- **What the task asks**
Repeat every line from the line containing "gianotter Dual Monitor" to the end of the data, exactly. Leave the pictures out.

** Opening Data to process block **

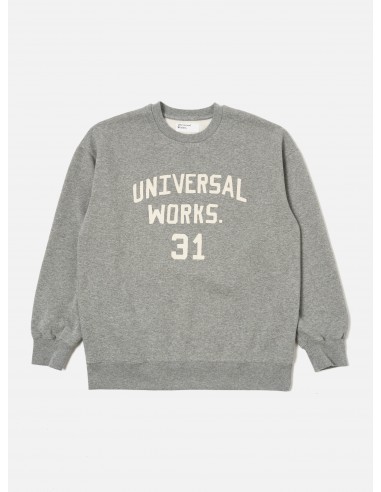 Universal Works Loose Sweatshirt in Grey Marl Recycled Cotton Blend Jersey offre 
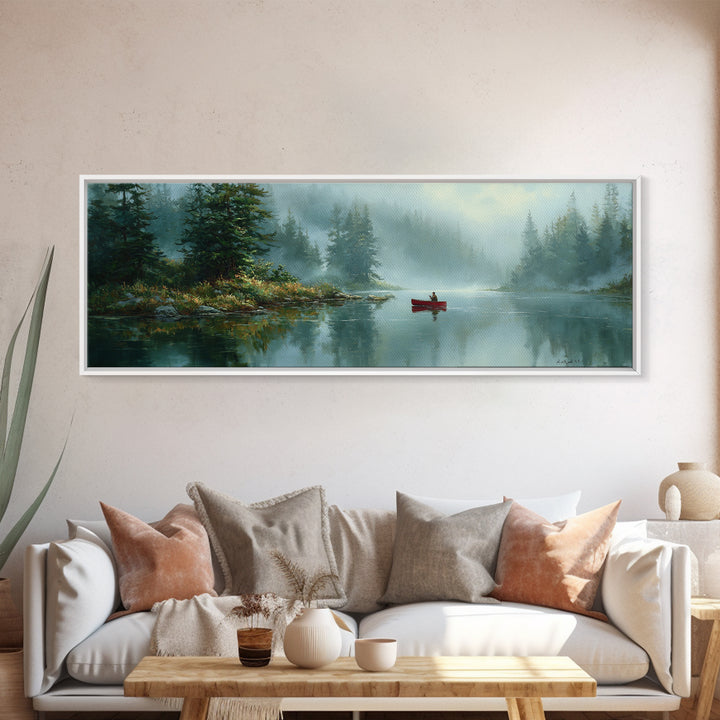 Peaceful Canoeist On Misty River Reflecting Mountain Landscape Wall Art Fine Art Canvas Print For Living Room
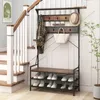 A hallway or entryway scene with a coat rack and shoe bench. Voir les images du produit
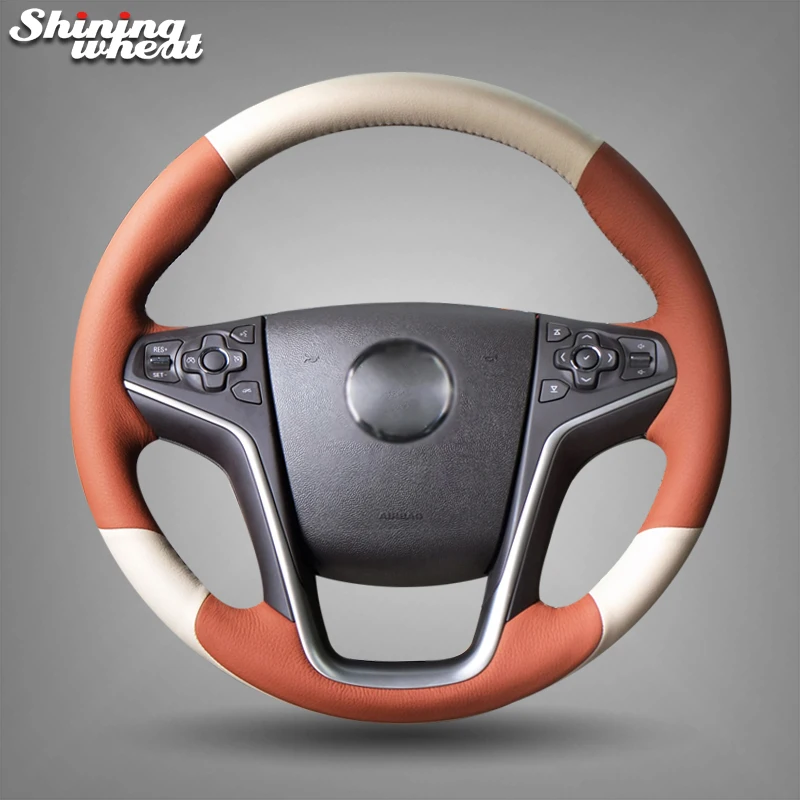 Shining wheat Hand-stitched Leather Car Steering Wheel Cover for Buick Lacrosse 2013-2015
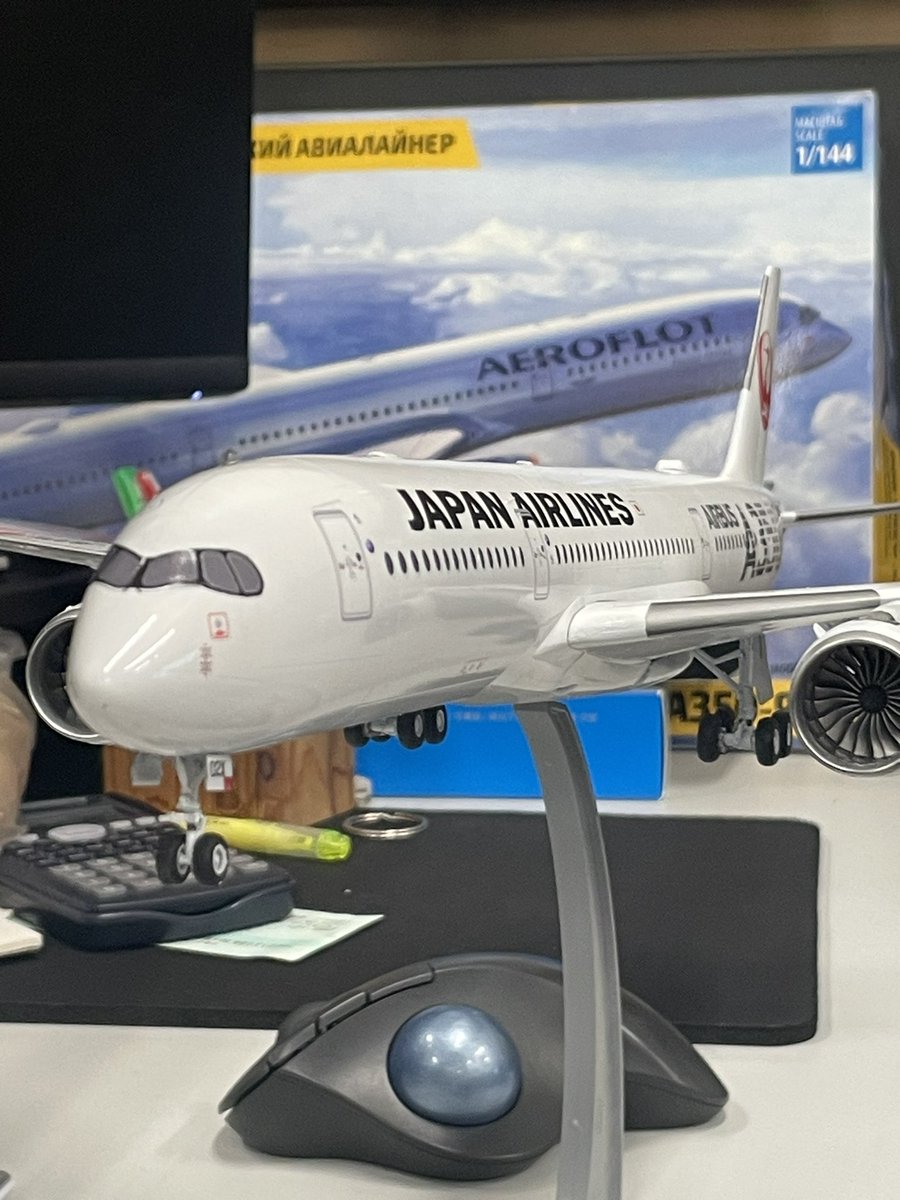 tamon_at_21's tweet photo. #旅客機　#JAL  #プラモデル　#旅客機模型　#A350 #JA02XJ
ZVEZDA 1/144 A350-900
JA02XJ
依頼品完成！ https://t.co/PDC0uZ3zgF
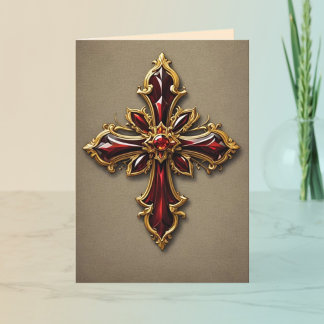 Garnet & Gold Cross Folded Greeting Card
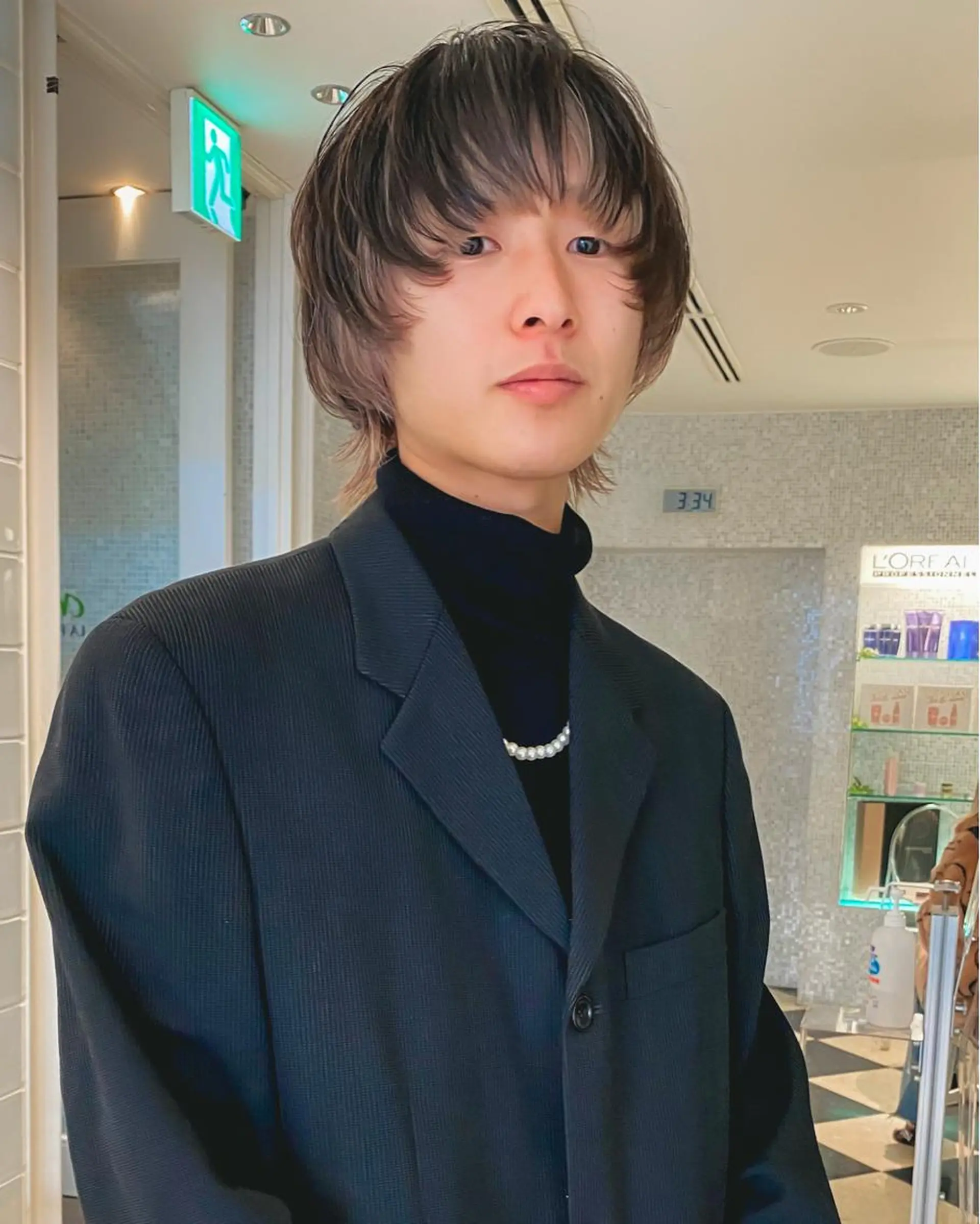 ショート カラー メンズ メンズインナーカラー マッシュ ベージュカラー デザインカラー インナーカラー カット ヘアカラー メンズ/スパイキー ショート/ミツイのヘアスタイル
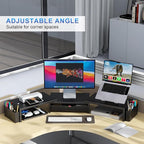 gianotter Dual Monitor Stand Riser, Desk Organizer With Drawer and 2 Pen Holders, Computer Monitor Stand, Desk Shelf for Top of Desk, Balck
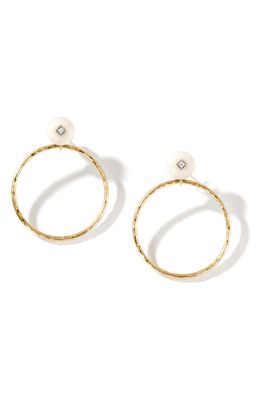 John Hardy Tagua Transformable Hoop Earrings in White/Gold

** Closing Data to process block **

- **Exercise output**
 gianotter Dual Monitor Stand Riser, Desk Organizer With Drawer and 2 Pen Holders, Computer Monitor Stand, Desk Shelf for Top of Desk, Balck
 John Hardy Tagua Transformable Hoop Earrings in White/Gold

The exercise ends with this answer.